You just have to make sure that you never let resentment build between you. Any time one of you feels a little tiny seed of resentment toward the other, (which happens a lot when one spouse is ill and can't bring home a big paycheck, or fix the roof, or get out of bed, and the other is required to take up the slack) then talk it out IMMEDIATELY. My poor niece almost got divorced her first year of marriage for exactly that reason, she's handicapped and her hubby is healthy and he resented her because all he saw was a pampered girl sitting at home all day while he busted his butt to bring home a paycheck.
1 Do you think that one with AS should get married?
ABSOLUTELY! If you find the right person. My dad (divorced 6 times) says "Marriage makes a good relationship better and a bad relationship worse." And so far I'd say he's right. And having a partner in life is just fabulous. EVEN if you're both sick.

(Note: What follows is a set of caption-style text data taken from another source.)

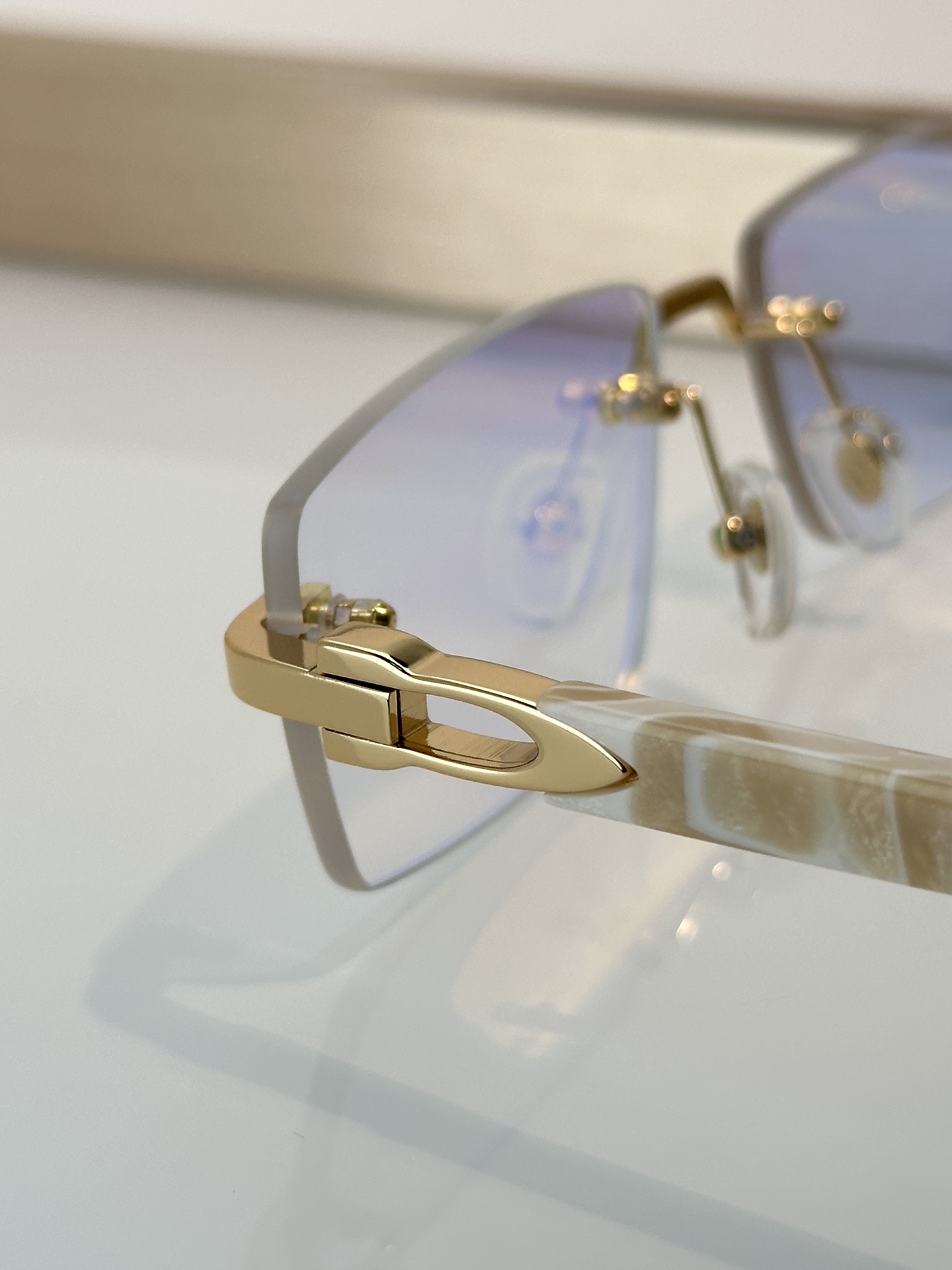 Designer Sunglasses CT0579S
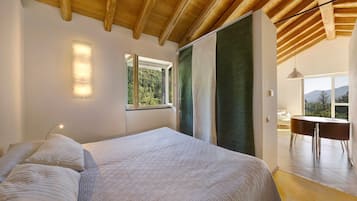 1 bedroom, bed sheets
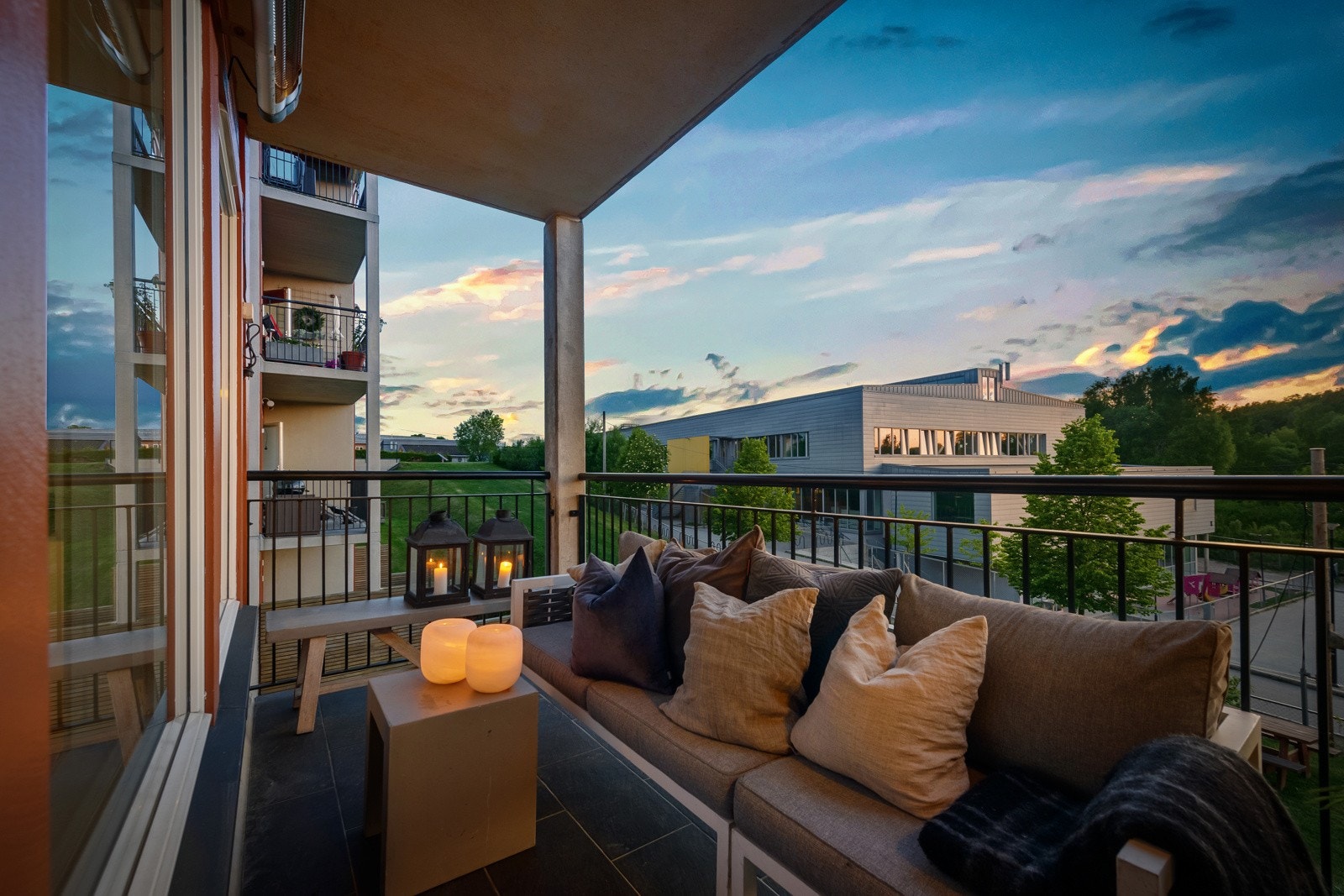 Terrasse - kveld Galleribilde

2 What will be the quality of life?
Who freakin knows? When we got married, we THOUGHT it'd be pretty easy, that he'd continue working full time and i'd work part time and we'd live just fine in our cheap little house. We were living below our means at the time. Stuff changes. But I'm confident that hard work and faith and perseverance and clean living will SOMEDAY pay off for us and we will eventually be able to be self-sufficient. Our house is messy, we're broke as heck, and I'm half-paralyzed but somehow we are still happy. And our daughter is FANTASTIC.
3 What will be the quality of life if i follow NSD ?
It's worth a try! Maybe it'll work for you. It could improve things greatly.
4 What is the quality of life with Anit-TNF?
See #3. ALL treatments are worth looking into.
5 Can we provide everything to our better half?
Nope. But then, nobody can, really. What happens to healthy people when they get old? They get sick like us. And everybody has their own cross to bear. Some people are mentally ill, some are unemployable, some are ugly. The IMPORTANT thing is that you provide love and friendship and constant support. The other stuff is just stuff. But backrubs are very important.
6 Will AS (just AS in mind) cause any problem in consecption of children?
Not on the man's side, I don't think. It can sure make pregnancy less fun, but I really don't think it'd affect things from your angle.
There are lots of couples (I know several personally) with HORRIBLE health, on one or both sides, who have wonderful marriages and make each other happy every day. And then there are a ton (TON) of perfectly healthy couples who make each other miserable every day. Your illness cannot ruin a marriage unless you let it. I think maybe KAers seem to have a higher ratio of good marriages because people don't usually rush into a marriage with someone on a cane. I think maybe it takes a stronger person to marry one of us, but then we end up blessed with better marriages in the long run. I'm 26 and MOST of my healthy friends are already divorced, and they ALL envy me. Even though we're nearly homeless and i can't use my legs and my husband spends 20 hours in bed each day. lol.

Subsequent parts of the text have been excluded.